How to Grill a Bacon Double Cheeseburger

Now that we've dealt with the wonders of grilled sausages, it's time to tackle another great staple of the American grilling experience, hamburgers.

Even though I try and eat a variety of more healthy foods, every so often I just feel the need for a good burger. My favorite is the bacon double-cheeseburger. This may be a heart-attack on a bun , but what a way to go.

NOTE: You really don't have to use cheese or bacon with this burger mixture. You could also just put one on a bun, instead of two, and you'll still enjoy it, just fine. It's a great recipe, if I do say so myself. Even my neighbor, who is a much better grillmaster than me, likes these burgers.

Grilling up pre-made hamburger patties from your grocers freezer is fine, when you're in a hurry. But, I'm coming to the belief that grilling should never be done in hurry. Really good barbecue is done slow. Why treat grilling hamburgers any differently?

Well, there are few reasons to do it a bit faster, actually, but all in all, I'm not going to fire up my grill unless I've got some time to really play with it.

Having cooked up dozens of hamburgers in my time, I've learned a few things. First, I don't like just throwing together a patty of pure ground beef. Sure that's good for fast food, but I like adding a few things to the meat, first. If your on a tight budget, it can also help stretch the meat a little farther. I suspect that's why people started doing this in the first place. I'm not talking meatloaf, here. (I've got some ideas for grilled meatloaf, though, so stay tuned.) We're just going to add a few more ingredients to enhance the ground beef, and keep it moist and tender throughout the process.

While your grill is heating up, you can cook up the bacon. One pound should do very nicely. As far as I know, you can't really direct grill bacon. You'll have to fry it a pan. If you have a small cast iron skillet, I suppose you could do this on the grill, but I used my stovetop. Cook on medium heat, turning occasionally, until nice and crispy.

Next, slice up some of your favorite firm cheese, like a sharp cheddar or colby. Colby-Jack, a mixture of Monterey Jack and colby cheese, is a favorite at my house. You'll need one slice for each patty. For this recipe, that's about eight slices.

Now it's time to mix up the hamburger patties.


2 eggs, beaten
1/4 cup milk
1/2 cup quick cooking rolled oats
1/4 cup finely chopped onion
2 tablespoons horseradish mustard (or other favorite dark mustard)
1/4 teaspoon garlic powder (you can use minced garlic, but for some reason the powder works better in hamburgers)
2 pounds of ground beef (you could use other ground meats, if you prefer)

Beat the eggs in a large mixing bowl and then add everything except the meat. Mix thoroughly. Add the ground beef and mix well. You could try using a large spoon, but it's best to get primitive here. Use your hands. Just make sure you wash them first.

Shape the meat into eight patties, about 3/4 inch thick.

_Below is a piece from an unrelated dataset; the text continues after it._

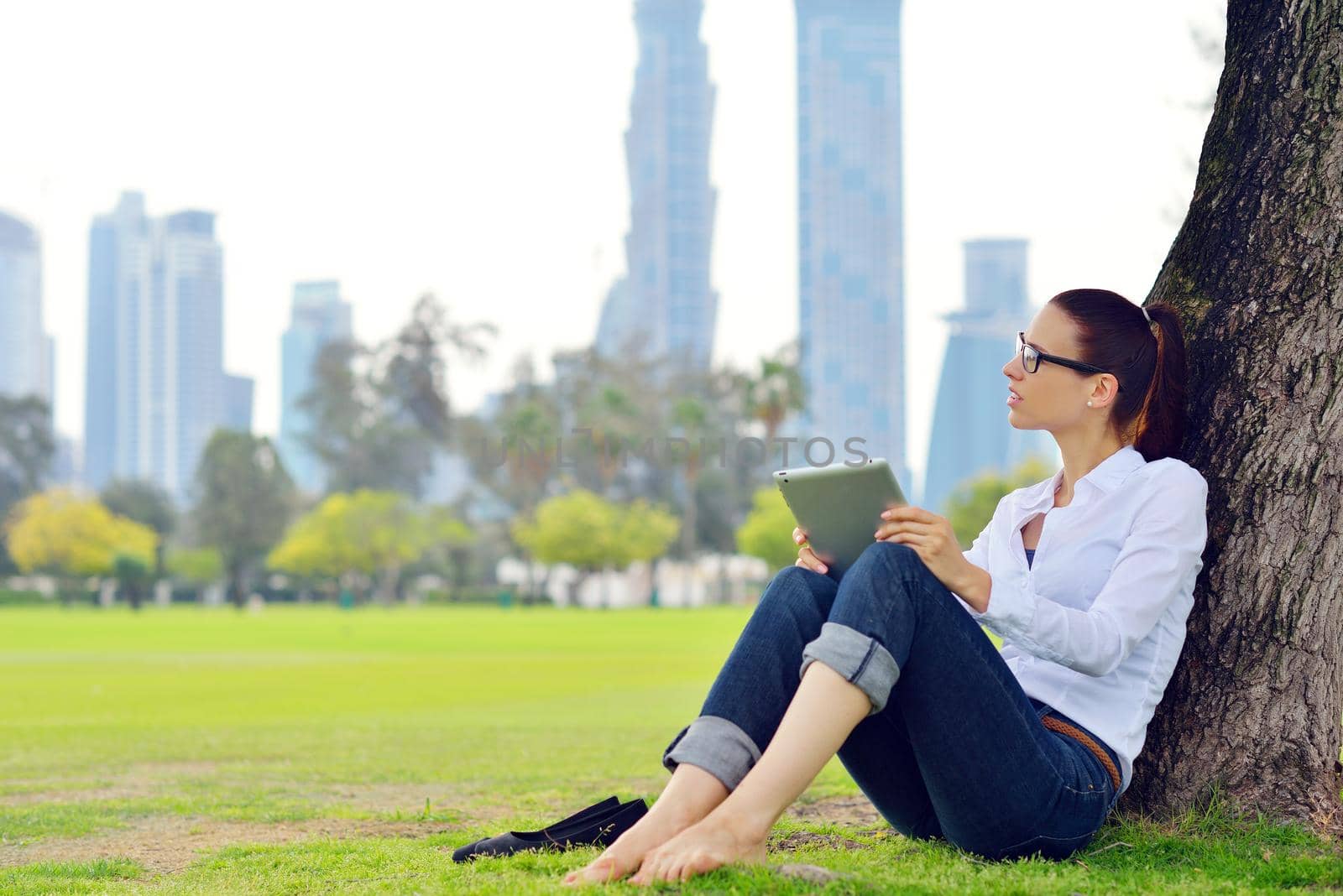 Beautiful young woman with  tablet in park by dotshock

When the coals are fully lit and ashing over, spread them out in an even, single layer on the bottom of your grill. Put in the top grill grate and cover, heating it for about 15 minutes. Clean the grill and apply vegetable oil to it with tongs and a folded paper towel, dipped in the oil. Make sure you oil it well.

You want the coals to be “medium” temperature. I always wondered how in the world you were supposed to figure this out. It turns out that “medium” means I can put your hand over the grill (not actually touching the surface ... duh) for about 4 seconds before your hand starts to cook.

Direct grill the hamburgers patties for about 6 to 7 minutes per side for a medium done burger, 8 or 9 minutes for a well done burger.

During the last minute or two of cooking, put a slice of the cheese over the burger, and then top the cheese with a couple of slices of the cooked bacon. Cover the grill and finish cooking. This will help melt the cheese and reheat the bacon.

Stack two patties on a toasted bun with more mustard, catsup, lettuce, pickles, tomatoes, onions (grilled tomatoes and onions), or whatever else you like on your burger, and enjoy. Just remember to exercise a little longer the next day to make yourself feel better.


tkangaroo said...

I was in the mood for a good burger the other day, and added feta, garlic, red onion, and spinach with a little red pepper flakes and some other stuff to the ground chuck.

Then I made up a garlic, feta mayo, and we went to town with some grilled wheat buns.

Sometimes you just need a great burger.

John Newman said...

Oh! a feta - spinach burger! Add a little tomato ... yum!